Set down nothing except the lines starting at the one with "Operativo de búsqueda" and ending at the final line of the material, each word for word.
** MATERIAL SHOWN follows **
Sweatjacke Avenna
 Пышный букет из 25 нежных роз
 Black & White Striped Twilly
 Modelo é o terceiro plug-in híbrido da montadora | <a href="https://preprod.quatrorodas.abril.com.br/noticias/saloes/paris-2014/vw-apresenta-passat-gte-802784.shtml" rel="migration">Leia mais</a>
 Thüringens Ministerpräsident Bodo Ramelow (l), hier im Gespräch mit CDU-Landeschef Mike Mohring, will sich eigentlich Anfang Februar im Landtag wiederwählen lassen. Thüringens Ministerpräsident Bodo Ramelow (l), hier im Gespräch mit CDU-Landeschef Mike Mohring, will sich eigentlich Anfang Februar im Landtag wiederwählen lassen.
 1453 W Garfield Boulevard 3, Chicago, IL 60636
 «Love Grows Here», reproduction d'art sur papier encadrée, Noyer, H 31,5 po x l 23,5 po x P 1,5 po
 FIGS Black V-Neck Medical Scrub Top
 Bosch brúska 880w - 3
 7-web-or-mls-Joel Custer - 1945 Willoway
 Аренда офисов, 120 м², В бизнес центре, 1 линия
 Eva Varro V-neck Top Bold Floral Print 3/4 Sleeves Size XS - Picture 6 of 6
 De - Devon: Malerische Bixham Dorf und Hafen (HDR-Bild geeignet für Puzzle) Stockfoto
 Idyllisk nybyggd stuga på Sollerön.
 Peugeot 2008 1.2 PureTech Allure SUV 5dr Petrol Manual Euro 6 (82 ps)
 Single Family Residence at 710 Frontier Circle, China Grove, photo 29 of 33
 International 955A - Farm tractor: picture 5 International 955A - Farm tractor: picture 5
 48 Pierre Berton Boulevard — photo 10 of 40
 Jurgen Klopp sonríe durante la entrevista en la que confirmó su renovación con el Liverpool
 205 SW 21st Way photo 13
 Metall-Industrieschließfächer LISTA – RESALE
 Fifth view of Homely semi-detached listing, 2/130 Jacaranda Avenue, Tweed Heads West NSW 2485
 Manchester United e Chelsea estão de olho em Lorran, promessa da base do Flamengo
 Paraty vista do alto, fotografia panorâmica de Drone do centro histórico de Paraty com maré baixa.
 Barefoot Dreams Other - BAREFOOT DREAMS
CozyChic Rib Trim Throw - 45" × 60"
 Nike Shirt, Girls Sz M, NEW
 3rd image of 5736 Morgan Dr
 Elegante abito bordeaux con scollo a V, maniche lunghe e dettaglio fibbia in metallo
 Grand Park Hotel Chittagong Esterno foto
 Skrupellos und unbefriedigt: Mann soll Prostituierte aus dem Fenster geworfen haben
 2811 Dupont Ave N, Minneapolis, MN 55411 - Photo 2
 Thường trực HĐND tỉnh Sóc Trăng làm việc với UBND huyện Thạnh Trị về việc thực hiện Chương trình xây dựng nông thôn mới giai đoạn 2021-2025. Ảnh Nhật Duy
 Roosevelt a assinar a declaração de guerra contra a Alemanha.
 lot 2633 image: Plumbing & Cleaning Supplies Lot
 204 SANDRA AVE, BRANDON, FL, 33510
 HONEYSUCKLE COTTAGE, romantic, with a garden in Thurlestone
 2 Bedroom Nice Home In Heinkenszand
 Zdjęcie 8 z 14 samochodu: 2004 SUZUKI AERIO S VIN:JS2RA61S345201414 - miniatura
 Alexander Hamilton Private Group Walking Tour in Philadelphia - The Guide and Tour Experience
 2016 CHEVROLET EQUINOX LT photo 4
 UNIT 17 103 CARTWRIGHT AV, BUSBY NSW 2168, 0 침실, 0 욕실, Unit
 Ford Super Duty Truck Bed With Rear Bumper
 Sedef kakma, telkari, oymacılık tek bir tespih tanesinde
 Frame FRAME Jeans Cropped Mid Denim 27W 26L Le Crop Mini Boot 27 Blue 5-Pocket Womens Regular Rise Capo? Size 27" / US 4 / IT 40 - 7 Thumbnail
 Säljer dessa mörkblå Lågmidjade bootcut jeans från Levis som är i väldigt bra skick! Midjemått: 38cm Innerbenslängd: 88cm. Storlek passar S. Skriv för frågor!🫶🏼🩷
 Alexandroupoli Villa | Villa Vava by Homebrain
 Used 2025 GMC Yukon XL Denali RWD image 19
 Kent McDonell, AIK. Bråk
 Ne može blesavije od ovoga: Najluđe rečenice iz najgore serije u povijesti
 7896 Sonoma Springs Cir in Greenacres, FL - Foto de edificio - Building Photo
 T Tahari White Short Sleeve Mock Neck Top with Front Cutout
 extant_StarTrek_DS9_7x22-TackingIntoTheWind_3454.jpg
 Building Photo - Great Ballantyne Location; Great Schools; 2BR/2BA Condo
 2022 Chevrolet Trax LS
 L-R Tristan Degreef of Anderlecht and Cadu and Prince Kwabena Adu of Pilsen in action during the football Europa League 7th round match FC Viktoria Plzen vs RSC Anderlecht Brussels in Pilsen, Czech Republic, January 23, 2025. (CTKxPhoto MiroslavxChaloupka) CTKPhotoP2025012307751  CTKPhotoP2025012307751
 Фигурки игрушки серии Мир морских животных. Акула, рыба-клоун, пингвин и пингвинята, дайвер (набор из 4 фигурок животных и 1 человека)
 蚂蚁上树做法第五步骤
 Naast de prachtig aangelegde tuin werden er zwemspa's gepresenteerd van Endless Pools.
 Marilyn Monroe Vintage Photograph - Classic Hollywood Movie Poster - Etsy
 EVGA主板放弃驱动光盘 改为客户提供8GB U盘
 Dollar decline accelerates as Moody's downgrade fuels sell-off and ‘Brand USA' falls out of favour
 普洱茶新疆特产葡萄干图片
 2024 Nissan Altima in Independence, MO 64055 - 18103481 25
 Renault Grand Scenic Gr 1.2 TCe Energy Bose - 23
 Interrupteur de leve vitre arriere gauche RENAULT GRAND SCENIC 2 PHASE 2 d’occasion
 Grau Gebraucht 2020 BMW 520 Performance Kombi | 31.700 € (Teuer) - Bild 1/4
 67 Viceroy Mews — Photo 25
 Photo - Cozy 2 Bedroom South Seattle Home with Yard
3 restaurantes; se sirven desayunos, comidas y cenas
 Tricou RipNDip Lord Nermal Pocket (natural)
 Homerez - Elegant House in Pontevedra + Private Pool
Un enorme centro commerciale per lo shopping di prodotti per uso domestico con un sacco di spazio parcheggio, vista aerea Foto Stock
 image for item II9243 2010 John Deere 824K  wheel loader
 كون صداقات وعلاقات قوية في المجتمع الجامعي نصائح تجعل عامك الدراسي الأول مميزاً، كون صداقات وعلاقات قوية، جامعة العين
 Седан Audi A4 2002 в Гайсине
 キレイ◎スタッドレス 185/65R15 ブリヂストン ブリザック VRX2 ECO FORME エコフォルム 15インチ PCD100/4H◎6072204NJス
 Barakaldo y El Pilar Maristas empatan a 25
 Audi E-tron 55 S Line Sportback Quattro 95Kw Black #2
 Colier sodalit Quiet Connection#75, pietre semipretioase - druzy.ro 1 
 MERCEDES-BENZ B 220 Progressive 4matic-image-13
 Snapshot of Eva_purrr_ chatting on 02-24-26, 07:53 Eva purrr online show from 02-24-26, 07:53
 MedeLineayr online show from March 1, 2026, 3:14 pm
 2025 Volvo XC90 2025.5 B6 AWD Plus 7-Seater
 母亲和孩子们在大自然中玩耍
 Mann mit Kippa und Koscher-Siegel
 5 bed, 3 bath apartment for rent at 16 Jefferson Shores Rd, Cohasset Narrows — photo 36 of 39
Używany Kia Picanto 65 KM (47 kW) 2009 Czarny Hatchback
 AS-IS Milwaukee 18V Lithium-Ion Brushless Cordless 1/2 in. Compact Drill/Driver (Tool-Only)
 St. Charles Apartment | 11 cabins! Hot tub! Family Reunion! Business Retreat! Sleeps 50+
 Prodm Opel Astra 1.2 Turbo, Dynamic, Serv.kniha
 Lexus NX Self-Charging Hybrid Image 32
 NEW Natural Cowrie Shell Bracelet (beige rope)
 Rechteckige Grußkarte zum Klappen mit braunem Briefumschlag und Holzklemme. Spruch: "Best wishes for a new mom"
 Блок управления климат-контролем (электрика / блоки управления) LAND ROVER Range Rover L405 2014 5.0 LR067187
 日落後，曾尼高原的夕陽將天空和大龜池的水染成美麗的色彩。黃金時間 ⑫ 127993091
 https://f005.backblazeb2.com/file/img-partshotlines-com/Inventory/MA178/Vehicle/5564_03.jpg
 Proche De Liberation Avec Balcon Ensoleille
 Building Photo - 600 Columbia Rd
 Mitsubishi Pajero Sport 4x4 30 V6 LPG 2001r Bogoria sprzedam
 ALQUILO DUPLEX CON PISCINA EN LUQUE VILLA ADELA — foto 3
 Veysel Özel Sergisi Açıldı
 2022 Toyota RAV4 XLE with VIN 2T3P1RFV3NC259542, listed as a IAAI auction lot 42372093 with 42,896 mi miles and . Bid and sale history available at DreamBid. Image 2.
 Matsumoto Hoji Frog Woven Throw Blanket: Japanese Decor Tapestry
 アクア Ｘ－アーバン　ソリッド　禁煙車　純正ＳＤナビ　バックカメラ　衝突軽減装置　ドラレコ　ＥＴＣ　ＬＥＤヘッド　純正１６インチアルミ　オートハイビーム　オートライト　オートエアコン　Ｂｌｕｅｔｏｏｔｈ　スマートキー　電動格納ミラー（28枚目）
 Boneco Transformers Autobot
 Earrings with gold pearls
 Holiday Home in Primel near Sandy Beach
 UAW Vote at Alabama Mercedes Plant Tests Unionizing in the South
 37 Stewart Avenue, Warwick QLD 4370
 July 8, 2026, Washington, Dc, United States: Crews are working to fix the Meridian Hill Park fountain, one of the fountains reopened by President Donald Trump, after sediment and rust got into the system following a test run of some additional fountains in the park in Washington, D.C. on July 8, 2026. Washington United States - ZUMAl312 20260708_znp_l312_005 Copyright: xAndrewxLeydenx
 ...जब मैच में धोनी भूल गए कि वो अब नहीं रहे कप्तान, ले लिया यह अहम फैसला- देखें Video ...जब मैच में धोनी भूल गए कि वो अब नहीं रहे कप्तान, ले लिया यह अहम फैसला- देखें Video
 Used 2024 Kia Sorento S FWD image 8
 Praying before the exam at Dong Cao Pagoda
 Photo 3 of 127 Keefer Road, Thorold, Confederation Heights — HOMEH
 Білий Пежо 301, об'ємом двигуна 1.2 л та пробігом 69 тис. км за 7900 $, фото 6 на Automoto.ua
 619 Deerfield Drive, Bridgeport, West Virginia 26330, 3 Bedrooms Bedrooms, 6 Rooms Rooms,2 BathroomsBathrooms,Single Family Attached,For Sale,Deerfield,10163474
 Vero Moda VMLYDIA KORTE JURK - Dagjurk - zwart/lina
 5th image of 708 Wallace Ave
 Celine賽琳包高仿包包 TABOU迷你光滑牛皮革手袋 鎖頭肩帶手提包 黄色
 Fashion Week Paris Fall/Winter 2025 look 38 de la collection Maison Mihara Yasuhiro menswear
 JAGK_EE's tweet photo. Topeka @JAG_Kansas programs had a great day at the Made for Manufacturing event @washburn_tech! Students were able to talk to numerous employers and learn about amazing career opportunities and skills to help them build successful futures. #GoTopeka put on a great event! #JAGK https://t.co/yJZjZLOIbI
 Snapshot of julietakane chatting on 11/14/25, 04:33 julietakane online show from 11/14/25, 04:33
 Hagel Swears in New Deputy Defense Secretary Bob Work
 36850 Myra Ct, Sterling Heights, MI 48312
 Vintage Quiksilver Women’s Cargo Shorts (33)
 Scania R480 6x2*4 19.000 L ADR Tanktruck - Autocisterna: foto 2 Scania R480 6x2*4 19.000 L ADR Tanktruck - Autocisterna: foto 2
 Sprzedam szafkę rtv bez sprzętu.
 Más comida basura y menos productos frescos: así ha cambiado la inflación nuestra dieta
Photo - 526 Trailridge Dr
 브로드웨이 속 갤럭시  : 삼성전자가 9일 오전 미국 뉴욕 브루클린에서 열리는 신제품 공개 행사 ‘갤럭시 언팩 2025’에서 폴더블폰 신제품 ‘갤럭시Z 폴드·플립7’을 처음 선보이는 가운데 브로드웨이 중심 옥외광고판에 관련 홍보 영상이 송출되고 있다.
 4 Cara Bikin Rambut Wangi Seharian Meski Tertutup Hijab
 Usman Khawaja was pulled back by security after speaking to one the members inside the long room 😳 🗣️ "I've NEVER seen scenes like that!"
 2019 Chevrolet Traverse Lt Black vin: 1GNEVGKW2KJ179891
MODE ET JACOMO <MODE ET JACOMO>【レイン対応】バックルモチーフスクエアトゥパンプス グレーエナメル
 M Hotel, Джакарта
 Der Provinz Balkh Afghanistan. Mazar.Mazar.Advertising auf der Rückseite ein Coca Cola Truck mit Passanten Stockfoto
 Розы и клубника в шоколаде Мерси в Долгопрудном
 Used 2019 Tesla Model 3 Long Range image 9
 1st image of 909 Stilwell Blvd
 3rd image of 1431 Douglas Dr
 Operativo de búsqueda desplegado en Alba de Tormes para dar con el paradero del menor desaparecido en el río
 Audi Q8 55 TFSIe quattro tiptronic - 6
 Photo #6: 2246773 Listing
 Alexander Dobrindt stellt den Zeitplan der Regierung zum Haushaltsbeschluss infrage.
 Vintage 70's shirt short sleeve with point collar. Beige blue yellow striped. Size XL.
** End of MATERIAL SHOWN **
RESPONSE TO THIS TASK:
 Operativo de búsqueda desplegado en Alba de Tormes para dar con el paradero del menor desaparecido en el río
 Audi Q8 55 TFSIe quattro tiptronic - 6
 Photo #6: 2246773 Listing
 Alexander Dobrindt stellt den Zeitplan der Regierung zum Haushaltsbeschluss infrage.
 Vintage 70's shirt short sleeve with point collar. Beige blue yellow striped. Size XL.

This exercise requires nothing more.